17 de enero de 2012

1O: Y se acercaba mi tormento.

Y en tu soledad, no estarás completamente abandonado, siendo compañero de tus pensamientos tu propia imaginación, un ser que habita en ti sin que tu puedas desecharlo. Tu imaginación te ayuda a solventar problemas de una manera original y distinta a la que cualquier otro y te hace capaz de soñar e idear un mundo perfecto para ti. Pero, a veces eso puede jugar en desventaja, transformándose en algo físico y quiera tomar control sobre ti. Esa imaginación te nubla el juicio y crea de ti una persona distinta y totalmente contraria a la que eres, transformándote en aquello que tanto deseabas. Puede que a mi fuera lo que me pasara, que hubiese escondido mi verdadera identidad por miedo a destruir a todos, pero poco a poco ganaba control sobre mi, siendo esclavo de sus actos y atrocidades. Pero ya no estaba dispuesto a aguantar su poder y cedería una tarde de invierno. 
Las calles estaban oscuras y no había ni un solo peatón por estas, siendo una solitaria figura la que paseaba entre las casas. La nieve cubría casi todo el suelo, dejándolo resbaladizo y blanco, por lo menos lo que dejaban ver las farolas. Caminaba tranquilo y con destino fijo, dirigiéndome a asesinar a un individuo que había logrado hacerse con un grimorio más poderoso que el que portaba actualmente. Entré a su hogar, abriendo de una patada su puerta y destrozando la entrada. Pronto lo vi, agazapado en una esquina con el libro entre las manos. Me acerqué lo suficiente como para que pudiera escuchar su ajetreado aliento.

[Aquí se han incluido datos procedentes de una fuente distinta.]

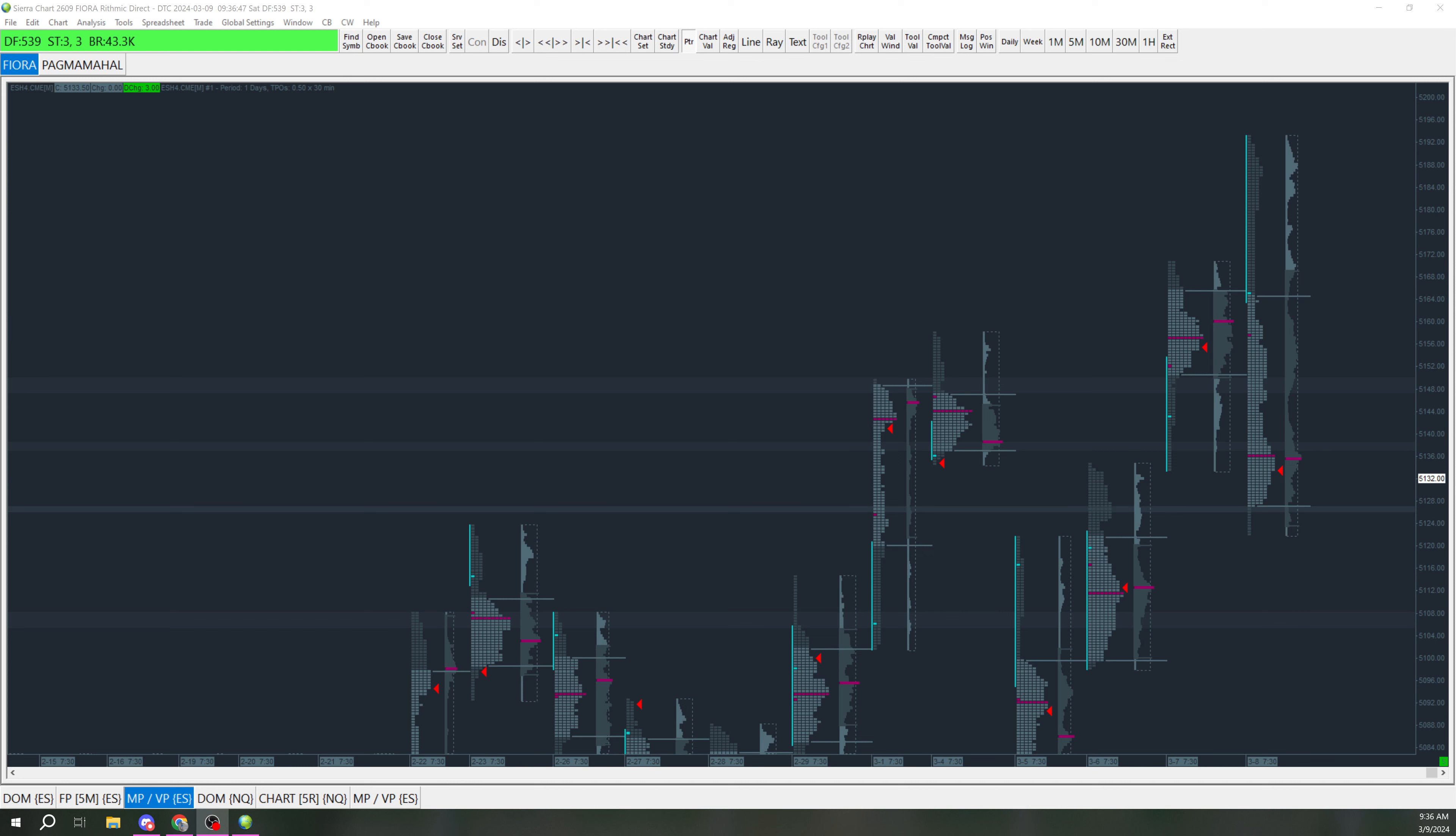Hey guys, I wanted to go over my plan going into Monday, March 11th.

- Portas en tus manos algo que no te pertenece, humano.

- No deberías de hablar así, demonio mezquino. No eres merecedor de este poder. He visto lo que hacías con el y me horroriza saber lo que puedas llegar a hacer si lo aumentas. Antes que darte este libro, lo quemo. 

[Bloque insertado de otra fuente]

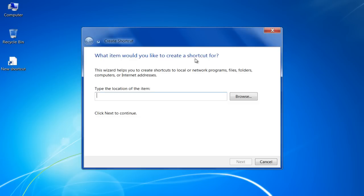Now type in the location bar, RunDLL32.exe User32.dll, Lock Workstation.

Y tal como dijo, el libro se prendió en fuego ante mis propias narices, pero cual fue mi sorpresa, que el fuego apagó y el libro continuaba intacto. Al poco comencé a reír como un loco, dejándome llevar por mi aire de victoria y cuando había logrado calmarme, lo miré con asco.-

- Parece ser que el destino no juega a tu favor. 

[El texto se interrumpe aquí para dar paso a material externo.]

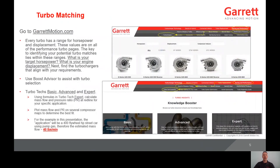For turbo matching, you can go to GarrettMotion.com. Within the product pages, which are located at Racing and Performance, Performance Products, and Turbo Chargers, each page has a horsepower and displacement range for that specific model. The keys to identifying your potential turbo match lie within these ranges. So it's important to have your target horsepower and engine displacement as you look for these turbochargers to align with your requirements.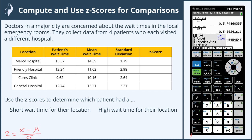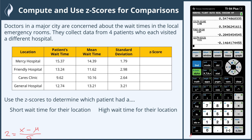Once we get this last one in, we'll write them each down and go over what our Z-scores tell us. So 12.74 minus 13.21 divided by 3.21. Now we have our first Z-score as 0.5475, rounded to four decimal places. Our second one is 0.5436 — actually a little higher than the first. Our third one is negative 0.2045, and our final one is negative 0.1464.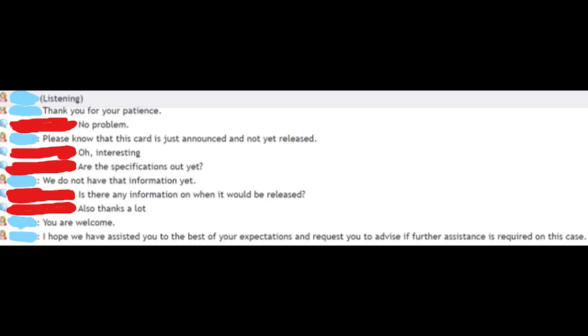You're welcome. I hope we have assisted you. Yada yada yada. You know the normal script for these types of customer service stuff.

Tomé el libro sin ningún problemas, arrebatándolo con un movimiento ligero y atravesé el corazón del muchacho con mi lanza, oyendo un grito ahogado que acabó con un silencio. 

Varios días después de haber arrebatado el libro, en mi interior estaba llamando aquel ser a quien había logrado controlar, o por lo menos eso pensaba, pues cuanto más poder adquiría, más poderoso se volvía el. No quería que volviera a tomar control de mi, logrando que destruya todo cuanto tengo aprecio.